Nearly 6,000 investors claimed they were “mugged” by being misled about the financial health of HBOS before voting to approve the deal, which led to Lloyds being forced to accept a £20billion taxpayer bailout to stay afloat.
The Government bought a 43 per cent stake and Lloyds was only restored to full private ownership in 2017.
The shareholders had sued Lloyds Banking Group and five former directors, including former chairman Sir Victor Blank and ex-chief executive Eric Daniels, claiming damages of up to £650million for alleged losses.
But Lloyds put forward evidence that the claimants suffered no loss as a result of the matters they allege.
Lawyers for the bank argued that the case was “entirely devoid of merit” and “fundamentally flawed at every level”, and a judge yesterday dismissed the action.

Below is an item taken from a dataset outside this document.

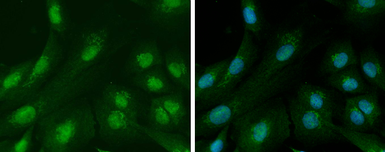 Anti-Ataxin 3 antibody used in Immunocytochemistry/ Immunofluorescence (ICC/IF). GTX101343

A Lloyds Banking Group spokesman said: “The group welcomes the court’s decision. Throughout this process, the group has sought to act in the interests of our shareholders as a whole.” Damon
Parker, founder and partner of law firm Harcus Parker, representing 300 institutions and nearly 6,000 individuals in the case, said: “Our clients are deeply disappointed by today’s judgment.
“They wish to assess their options and will be considering whether to appeal.”
Wayne Kitcat, a member of the clients’ committee bringing the action and a former Lloyds executive, said: “The decision of the judge is a bitter disappointment to thousands of Lloyds shareholders, many of whom have been left destitute by the acquisition of HBOS by Lloyds.
“This includes many thousands of Lloyds employees who were persuaded to put money into the Lloyds SAYE scheme to buy Lloyds shares, and relied on senior management’s recommendation to do so.
“It makes no sense to us that the judge acknowledges that material information ought to have been disclosed, but does not believe that the Lloyds board deliberately concealed it, or that it made any difference.”
Mr Kitcat added: “We hope that a higher court will come to a different conclusion as we are determined to continue this legal battle.”